> TASK PROMPT
Transcribe all of the data verbatim, please, and leave out its pictures.

> DATA EXCERPT

━━━━━━

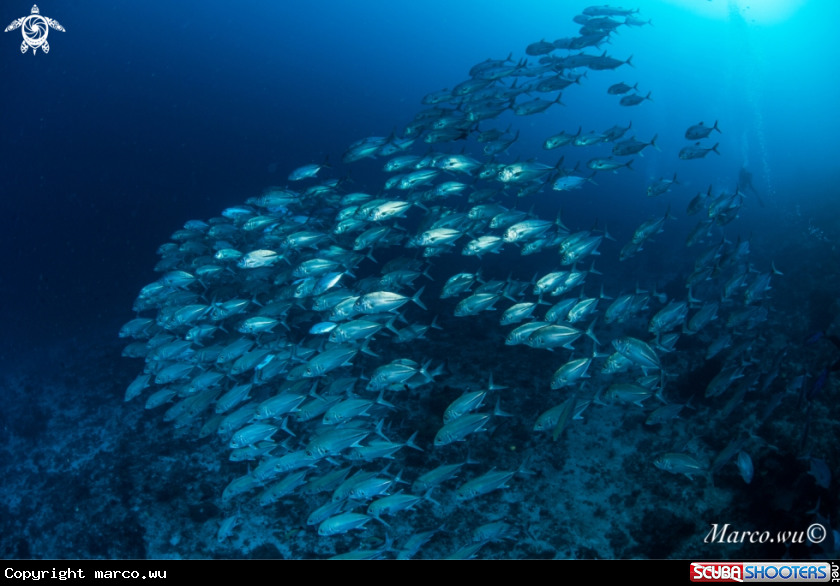 A Jackfish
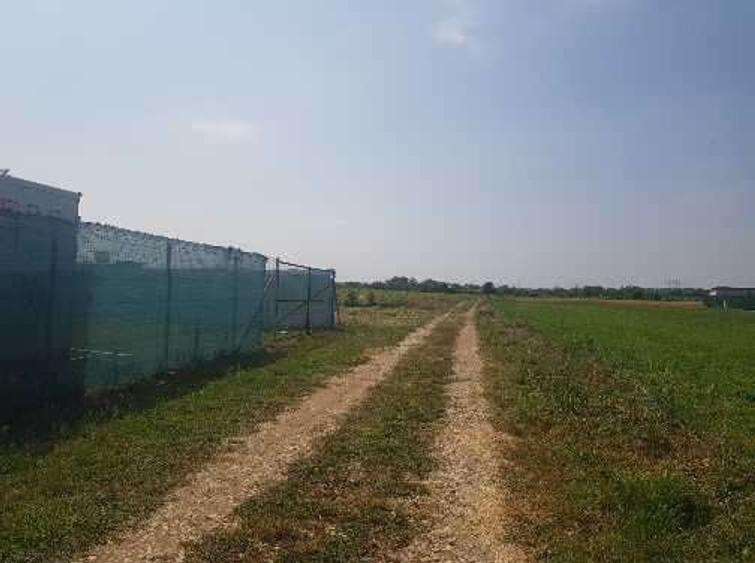 Loturi de teren parcelat, Sabareni, intravilan, 620-650 mp - 13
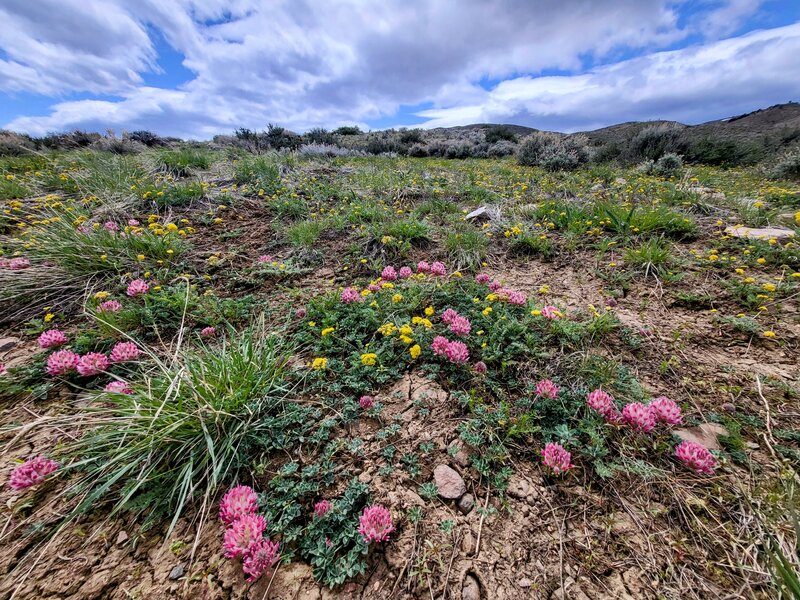 Peavine flowers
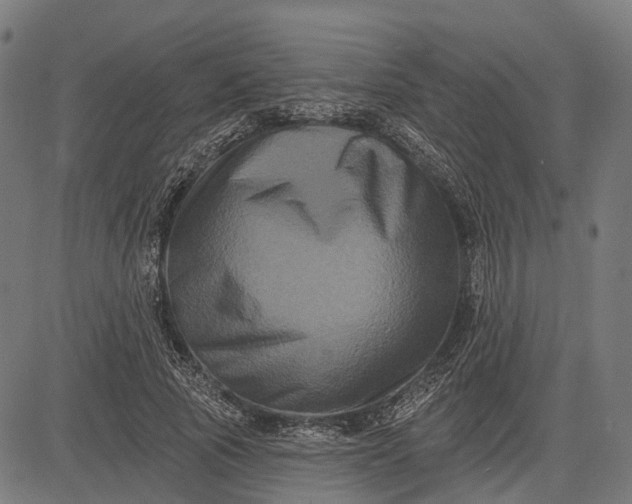 X0000082710737200702091747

━━━━━━

> OUTPUT FOR THIS TASK
 A Jackfish
 Loturi de teren parcelat, Sabareni, intravilan, 620-650 mp - 13
 Peavine flowers
 X0000082710737200702091747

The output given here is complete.